Publication
CardBench: A Benchmark for Learned Cardinality Estimation in Relational Databases
Yannis Chronis; Yawen Wang; Lyubomir Ganev; Sami Abu-El-Haija; Chelsea Lin; Carsten Binnig; Fatma Özcan
In: Computing Research Repository eprint Journal (CoRR), Vol. abs/2408.16170, Pages 1-12, arXiv, 2024.
Abstract
Cardinality estimation is crucial for enabling high query performance in relational
databases. Recently learned cardinality estimation models have been proposed
to improve accuracy but there is no systematic benchmark or datasets which
allows researchers to evaluate the progress made by new learned approaches
and even systematically develop new learned approaches. In this paper, we are
releasing a benchmark, containing thousands of queries over 20 distinct real-world
databases for learned cardinality estimation. In contrast to other initial benchmarks,
our benchmark is much more diverse and can be used for training and testing
learned models systematically. Using this benchmark, we explored whether learned
cardinality estimation can be transferred to an unseen dataset in a zero-shot manner.
We trained GNN-based and transformer-based models to study the problem in three
setups: 1-) instance-based, 2-) zero-shot, and 3-) fine-tuned.
Our results show that while we get promising results for zero-shot cardinality esti-
mation on simple single table queries; as soon as we add joins, the accuracy drops.

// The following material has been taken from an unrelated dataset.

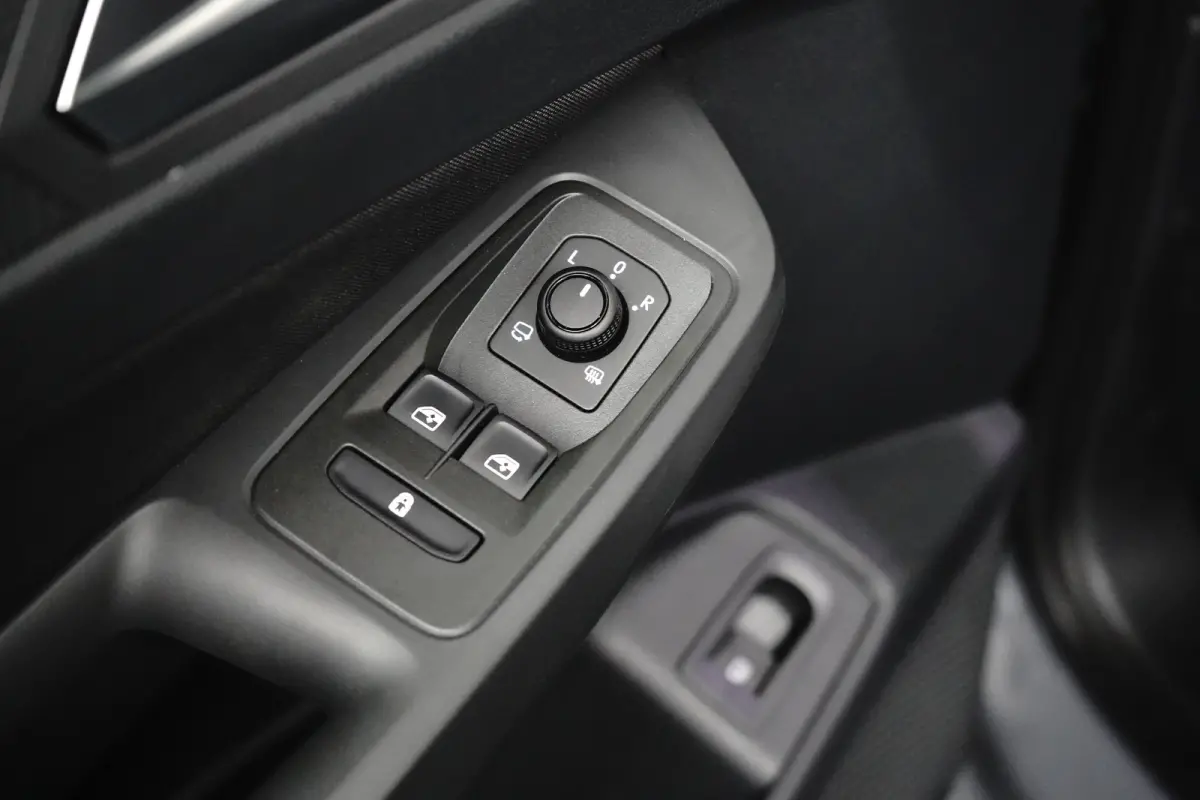 Tranist 1.5 PHEV Limited Dodenhoekherkening | adaptive cruise | Carplay | 110 km elektrische actieradius |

However, we show that with fine-tuning, we can still utilize pre-trained models
for cardinality estimation, significantly reducing training overheads compared to
instance specific models. We are open sourcing our scripts to collect statistics,
generate queries and training datasets to foster more extensive research, also from
the ML community on the important problem of cardinality estimation and in
particular improve on recent directions such as pre-trained cardinality estimation.